» Task to carry out
Count the lines in the data below where the string "Time" occurs, please, and give the number alone.

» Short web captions
================================
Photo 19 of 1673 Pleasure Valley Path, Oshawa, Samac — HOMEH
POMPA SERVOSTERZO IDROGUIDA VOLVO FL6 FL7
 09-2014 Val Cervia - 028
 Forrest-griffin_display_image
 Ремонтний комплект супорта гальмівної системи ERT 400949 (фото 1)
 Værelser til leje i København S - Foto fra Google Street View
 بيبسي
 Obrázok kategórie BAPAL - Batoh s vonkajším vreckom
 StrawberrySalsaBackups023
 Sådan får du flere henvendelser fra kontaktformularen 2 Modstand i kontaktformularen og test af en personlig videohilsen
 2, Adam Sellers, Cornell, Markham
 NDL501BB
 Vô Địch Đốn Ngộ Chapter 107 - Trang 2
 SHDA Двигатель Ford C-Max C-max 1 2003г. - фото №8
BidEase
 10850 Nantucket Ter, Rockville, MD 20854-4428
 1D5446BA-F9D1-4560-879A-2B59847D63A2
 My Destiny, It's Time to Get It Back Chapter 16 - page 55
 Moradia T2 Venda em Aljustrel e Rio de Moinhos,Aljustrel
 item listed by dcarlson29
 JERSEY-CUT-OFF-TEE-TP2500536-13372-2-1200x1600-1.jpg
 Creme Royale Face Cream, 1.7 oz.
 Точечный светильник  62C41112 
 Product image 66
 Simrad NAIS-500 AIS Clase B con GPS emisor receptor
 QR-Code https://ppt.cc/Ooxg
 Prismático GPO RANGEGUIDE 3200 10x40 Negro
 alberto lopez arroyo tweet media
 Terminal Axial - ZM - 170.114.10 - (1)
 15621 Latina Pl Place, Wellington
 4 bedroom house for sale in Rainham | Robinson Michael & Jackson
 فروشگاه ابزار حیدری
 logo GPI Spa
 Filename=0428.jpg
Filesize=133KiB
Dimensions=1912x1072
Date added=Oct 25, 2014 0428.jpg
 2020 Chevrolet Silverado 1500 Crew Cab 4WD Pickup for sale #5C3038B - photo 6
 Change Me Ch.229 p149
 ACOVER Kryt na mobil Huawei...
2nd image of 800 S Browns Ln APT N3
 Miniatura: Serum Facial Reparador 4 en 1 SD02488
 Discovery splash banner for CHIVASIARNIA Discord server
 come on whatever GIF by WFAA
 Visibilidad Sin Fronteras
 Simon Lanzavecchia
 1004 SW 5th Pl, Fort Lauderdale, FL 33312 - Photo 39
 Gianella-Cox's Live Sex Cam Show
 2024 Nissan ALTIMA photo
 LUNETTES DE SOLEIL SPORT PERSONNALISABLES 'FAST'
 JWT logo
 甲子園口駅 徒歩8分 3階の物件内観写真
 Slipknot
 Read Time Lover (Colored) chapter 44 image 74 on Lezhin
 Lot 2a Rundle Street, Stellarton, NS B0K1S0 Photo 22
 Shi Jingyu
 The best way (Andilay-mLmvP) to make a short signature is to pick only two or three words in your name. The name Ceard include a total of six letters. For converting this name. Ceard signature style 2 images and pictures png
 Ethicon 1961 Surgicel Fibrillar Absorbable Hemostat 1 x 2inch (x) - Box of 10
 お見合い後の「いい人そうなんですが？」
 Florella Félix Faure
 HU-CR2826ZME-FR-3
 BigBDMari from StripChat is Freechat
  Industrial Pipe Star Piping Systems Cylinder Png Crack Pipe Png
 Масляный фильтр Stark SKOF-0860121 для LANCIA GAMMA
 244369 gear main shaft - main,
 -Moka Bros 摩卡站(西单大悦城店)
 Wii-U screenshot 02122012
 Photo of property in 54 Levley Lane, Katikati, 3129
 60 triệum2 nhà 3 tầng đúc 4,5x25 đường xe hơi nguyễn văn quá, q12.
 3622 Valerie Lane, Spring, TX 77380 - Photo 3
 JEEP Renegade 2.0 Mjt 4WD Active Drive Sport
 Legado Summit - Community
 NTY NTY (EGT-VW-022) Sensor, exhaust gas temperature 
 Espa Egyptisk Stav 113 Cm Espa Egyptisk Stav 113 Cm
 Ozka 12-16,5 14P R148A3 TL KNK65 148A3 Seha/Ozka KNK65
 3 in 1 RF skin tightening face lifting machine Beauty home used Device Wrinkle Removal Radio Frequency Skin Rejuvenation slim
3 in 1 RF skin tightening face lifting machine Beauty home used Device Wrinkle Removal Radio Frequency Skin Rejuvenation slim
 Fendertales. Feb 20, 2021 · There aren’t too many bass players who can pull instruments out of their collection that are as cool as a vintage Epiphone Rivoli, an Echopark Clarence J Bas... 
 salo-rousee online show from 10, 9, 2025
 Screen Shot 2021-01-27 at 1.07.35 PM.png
================================
» Answer to the exercise
2